Illustration par Colette David
Colette David

Une clarté lunaire baignait tout l’édifice.

On se sentait dévisagé, mis à nu par ces regards de pierre, ces sourires glacés. L’obscurité totale n’eût pas été moins rassurante.

Le silence, lui non plus, n’était pas absolu. Des rumeurs s’exhalaient, assourdies, de la capitale.

 

Une ombre oblique, démesurée, s’évada d’une chapelle, se faufila parmi les chaises, enjamba la nef, escalada la tribune nord. Un moment hésitante, elle se déplaça d’abord lentement, comme fascinée par la mosaïque mouvante qu’elle esquissait sur ce paysage de mort. Les premiers pas sonnèrent, réguliers, parmi les losanges bleus et blancs.

Une chaise cria. L’ombre se figea, puis reprit sa progression saccadée pour se perdre bientôt dans la pénombre des portails.

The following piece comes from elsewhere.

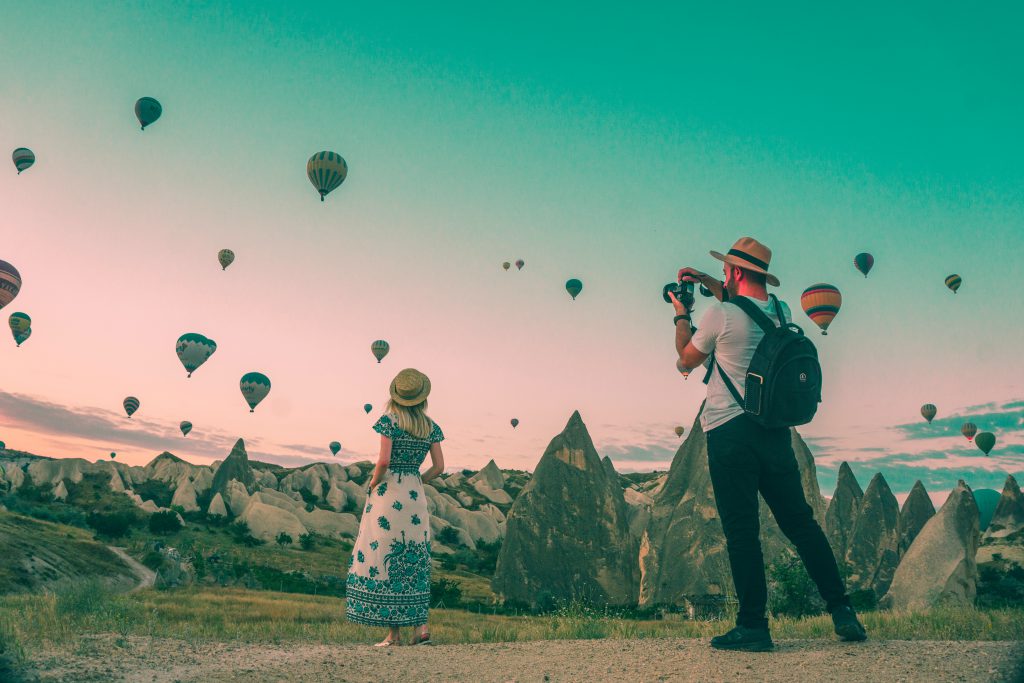 traveling couple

Pendant longtemps, on n’entendit plus le moindre bruit.

 

Enfin, une lueur blafarde apparut à la tribune. On remarquait moins son halo que les discrètes arabesques qu’elle peignait sur le buffet d’orgue.

 

L’attaque fut brutale.

Le monument trembla sur ses bases, sembla chanceler sous la violence du choc. Puis, l’équilibre retrouvé, il se laissa envahir peu à peu par l’insolite mélodie.

Celle-ci avait d’abord fusé, telle une gerbe d’éclairs. Elle s’installa ensuite avec moins de précipitation, prenant lentement, méthodiquement, possession des lieux : elle se lova, courut vers le déambulatoire, pénétra les chapelles en un coït monstrueux et sacré. Remonta la nef jusqu’au chœur, occupa les stalles désertes. En même temps elle s’amplifiait, gagnait en volume, faisait pression sur les voûtes, au risque de les voir éclater.

Le dernier bastion enlevé, la cathédrale parut s’apaiser, au faîte de la jouissance : la déchirure du viol avait fait place à une enivrante plénitude.

 

À la tribune d’orgue, aux abords de la lueur, une main continuait à égrener les arpèges. Moins crispée, plus sereine. Cédant au besoin physique d’emplir l’espace, de repousser le silence.

Sur le pupitre, on déchiffrait, en gothique : « TOCCATA ».

Un peu en dessous : Charles-Marie WIDOR.

La main rêvait. Derrière elle, en contrebas, un gigantesque sabbat s’était improvisé. Abandonnant leurs postes d’observation, démons, dragons et chimères se coulaient le long des piliers, surgissaient de partout ; les statues commençaient à s’animer ; Quasimodo, séduit par le martèlement fatal de la basse, toujours plus obsédante, toujours plus profonde, avait lui aussi trahi son bourdon : attentif aux mouvements des rares noctambules qui arpentaient les berges de la Seine, il s’était laissé glisser de gargouille en clocheton...

 

Longtemps après que la main se fut immobilisée, Notre-Dame recouvra le silence. Un silence peuplé d’ombres, gagnant progressivement sur le rêve.

 

Là-haut, dans la tribune, la lumière brûlait toujours.